One in four American women are obese prior to becoming pregnant (Branum, Kirmeyer & Gregory, 2016). Obesity is associated with numerous health issues (Williams et al., 2015), especially in pregnancy. In fact, an unhealthy body mass index (BMI) and diet in pregnancy exerts negative effects on the developing fetus and leads to health problems for the child later in life (Godfrey et al., 2017; Poston et al., 2016). Furthermore, women who are obese are more likely to have children who are obese (Oestreich & Moley, 2017), perpetuating health problems from generation to generation. There is evidence that obese individuals are deficient in micronutrients (Costa et al., 2018; Krzizek et al., 2018; Stankowiak-Kulpa et al., 2017).
Women of reproductive age require a more nutrient-dense diet because of the physiological needs during pregnancy (Gernand et al., 2016). Commonly, women of reproductive age consume supplemental micronutrients including iron, folic acid, and zinc (Gernand et al., 2016). An insufficient amount of micronutrients during pregnancy can create complications such as congenital malformations in the baby and increased risk of hemorrhage during delivery (Black, 2001). In addition, insufficient micronutrients can inhibit physical, neurobehavioral, and immunological growth among other complications (Gernand et al., 2016; Ojha et al., 2013; Sullivan et al., 2009; Zerfu & Ayele, 2013). Consuming prenatal vitamins can provide these micronutrients, however, the “most desirable” way to meet micronutrient needs is through a “sustained diet of various micronutrient-dense foods” (Gernand et al., 2016; Hanson et al., 2015). Unfortunately, only around 78 percent of pregnant women in the United States recently reported taking some sort of multivitamin while they were pregnant, making it even more important for women to consume micronutrients through their diet (Sullivan et al., 2009).
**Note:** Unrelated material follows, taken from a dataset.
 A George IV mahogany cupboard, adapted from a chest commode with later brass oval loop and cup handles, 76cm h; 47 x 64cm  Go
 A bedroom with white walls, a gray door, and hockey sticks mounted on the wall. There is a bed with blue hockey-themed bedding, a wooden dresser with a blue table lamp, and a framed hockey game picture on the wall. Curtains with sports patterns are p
Although it is known that micronutrient intake is important in pregnancy and that obesity in pregnancy can lead to negative birth outcomes, the relationship between pre-pregnancy BMI and micronutrient intake has been inadequately assessed. One excellent way to determine micronutrient status of a population is to apply the Food and Agriculture Organization’s (FAO) dietary diversity score (FAO & FHI 360, 2016). Dietary diversity is not only a predictor for micronutrient status and diet quality, but it is also a predictor of obesity. In a study done by Wolongevicz et al. (2010) women with lower diet quality were significantly more likely to be overweight or obese compared to women with higher diet quality.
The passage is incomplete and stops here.